Twilight (2008-13) is actually a portion of a larger work, a collaboration between Miller, Pat O’Keeffe and video artist Rosemary Williams called, The Cosmic Engine. This is a multi-media chamber opera which premiered in 2008 and this section was revised in 2013. The text is by Walt Whitman. Again, Shaw does a lovely job with the lyrical vocal lines.
Funhouse (2003) is a marvelous use of electroacoustic methods. It is a piece with rather complex origins as explained in the notes but, consistent with its title, this is a fun piece to hear and, I imagine, to play. Along with the percussion piece it represents the more overtly experimental work of this artist.

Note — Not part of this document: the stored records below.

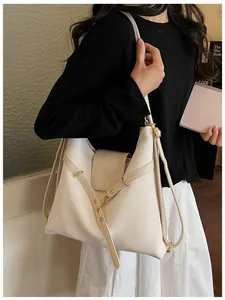 Detail van minimalistische crème hobo tas met kruislings lederen riempjes en gespen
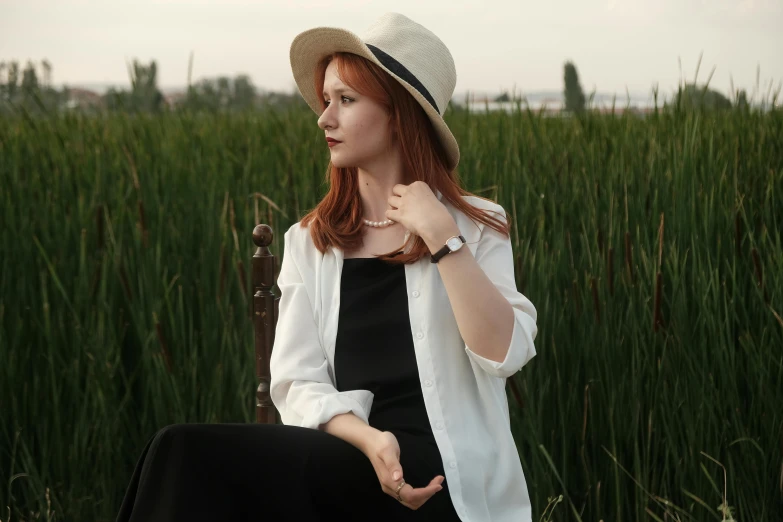 a woman in a black and white outfit, with a hat on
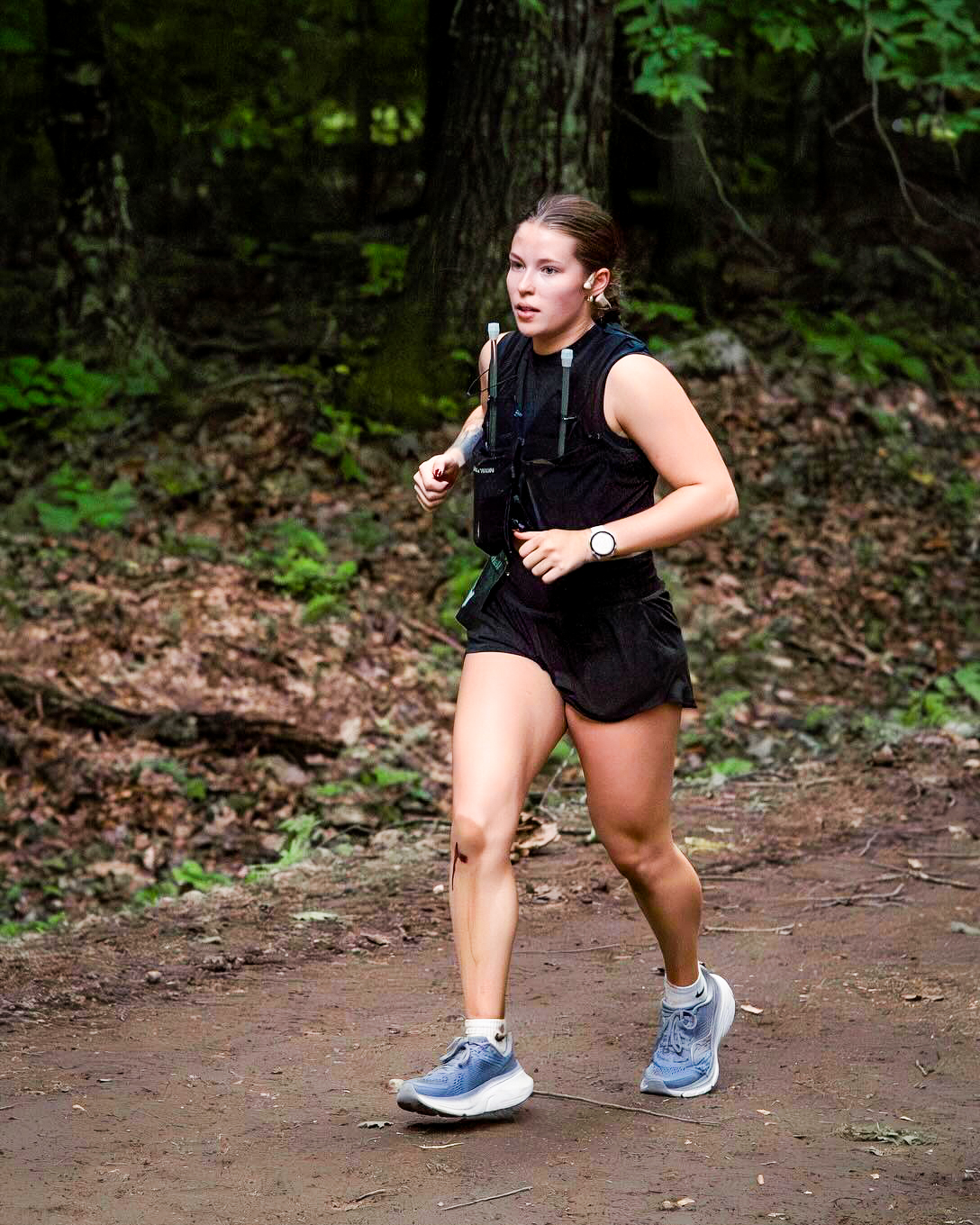 Emily, a two-time ultra marathon runner, racing outdoors during an ultra marathon, showcasing her endurance and focus.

The final track, Consortia (2013), as with Twilight, is an outgrowth or by product of work on the multimedia opera, The Cosmic Engine. Here the composer enlists computer processing to create a sort of live polyphony with live mixing of tracks of pre-recorded and live improvisational structures based on some renaissance tunes and techniques. I will leave it to the listener to read through the technical details but the result is a pretty entertaining piece of music.
Zeitgeist does a wonderful job here playing with passion and dedication. I can only hope that we hear more from both Zeitgeist and Mr. Miller.
The recording done at Wild Sound Recording Studio in Minneapolis (Mark Zimmerman, master engineer on tracks 1 and three; Steve Kaul, master engineer on tracks 2 and 4-6) is lucid and warm. The art and design by Raul Keller makes for an attractive product. This release from New Focus Recordings belongs in the collection of any new music fan and certainly every Zeitgeist fan.